> [Information provided]:

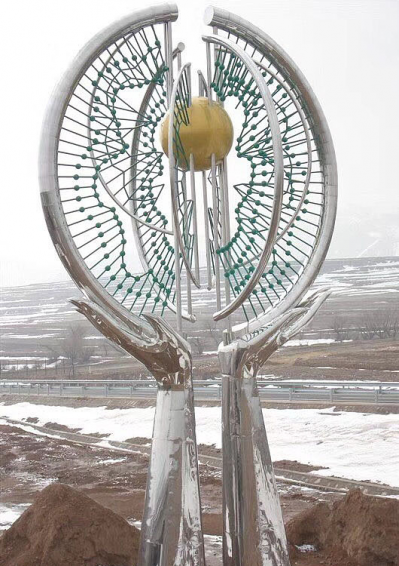 不锈钢景观标识，双手托举圆形造型景观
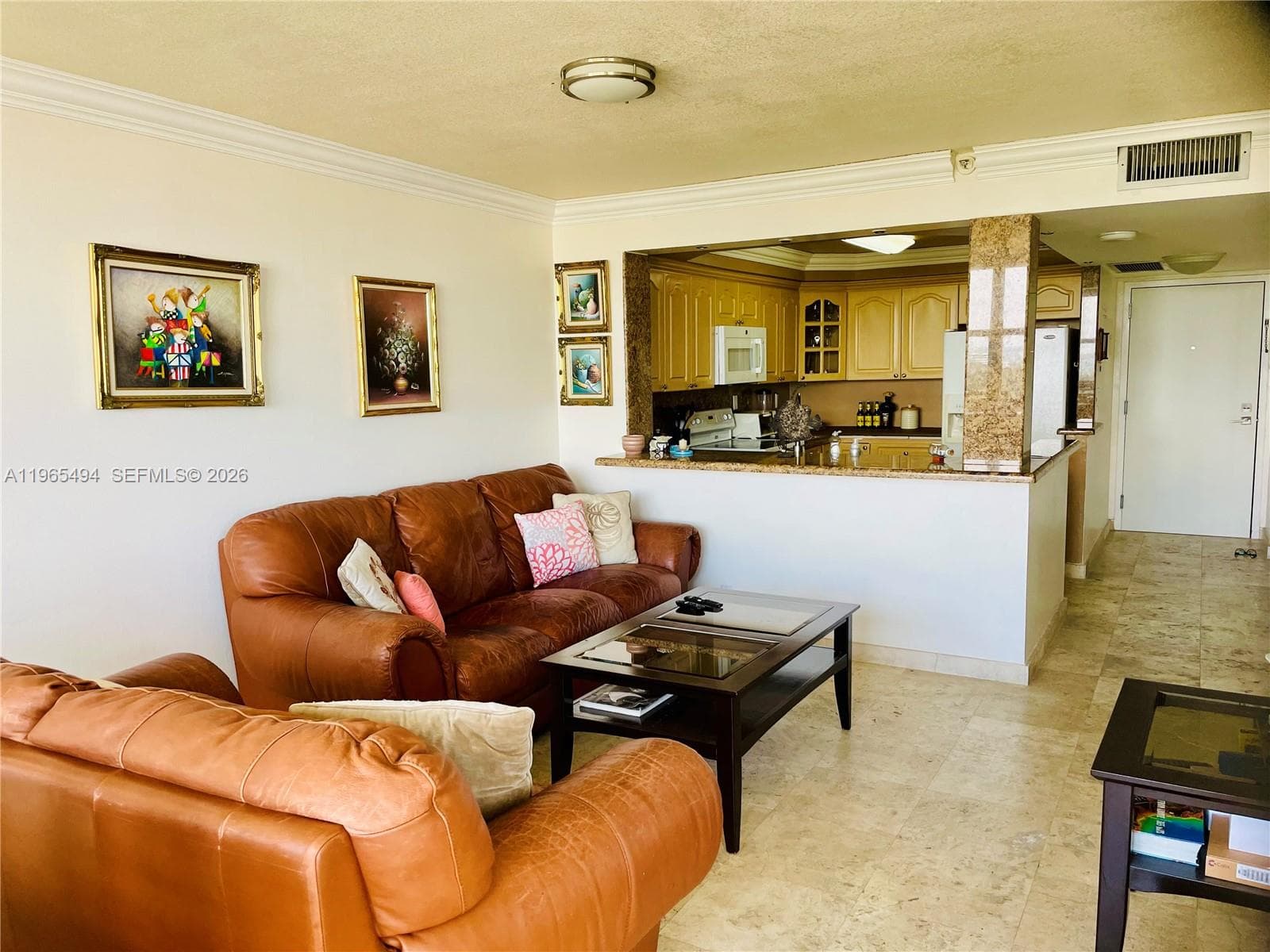A11965494 — Miami Beach — 5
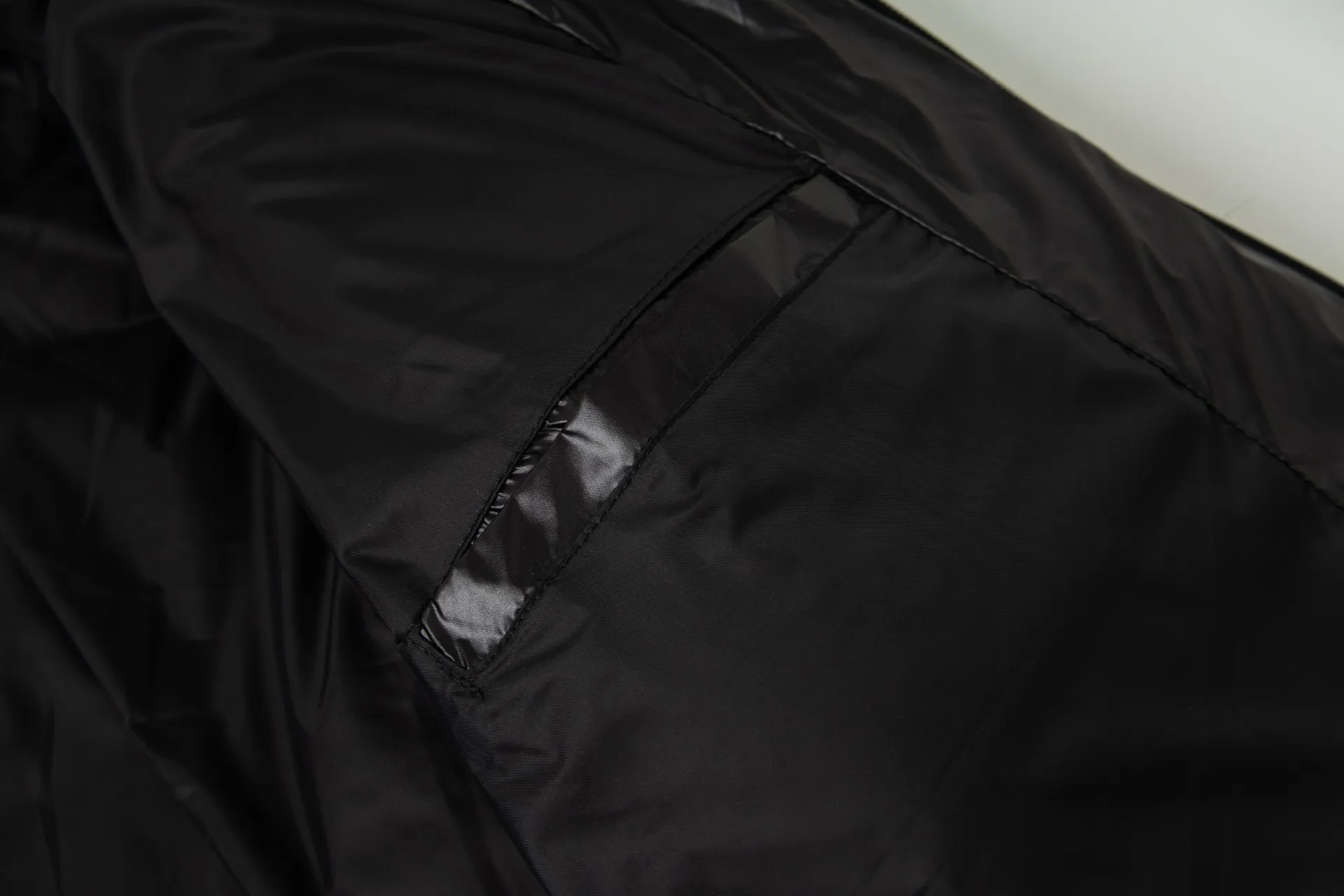 P1010 Style number: G118 Moncler autumn and winter new style hooded down jacket with classic printed logo on the chest 1️⃣ Made of top-grade 90 down, super soft and full of feathers, super heavy-duty fabrics with excellent workmanship! 2️⃣Original custom-made hardware accessories are all imported and original, absolutely high quality, a full set of customized accessories, complete with three standards, same style for men and women, a must-have for couples! 2️⃣It is very youthful and energetic, and can be easily worn by both men and women. It is very in line with the fashion aesthetic concepts of today's young people! Color: Black Size: 1.2.3.4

> [Work instruction]:
Reproduce the whole listing exactly, but not the images in it.

> [Response to the task]:
 不锈钢景观标识，双手托举圆形造型景观
A11965494 — Miami Beach — 5
 P1010 Style number: G118 Moncler autumn and winter new style hooded down jacket with classic printed logo on the chest 1️⃣ Made of top-grade 90 down, super soft and full of feathers, super heavy-duty fabrics with excellent workmanship! 2️⃣Original custom-made hardware accessories are all imported and original, absolutely high quality, a full set of customized accessories, complete with three standards, same style for men and women, a must-have for couples! 2️⃣It is very youthful and energetic, and can be easily worn by both men and women. It is very in line with the fashion aesthetic concepts of today's young people! Color: Black Size: 1.2.3.4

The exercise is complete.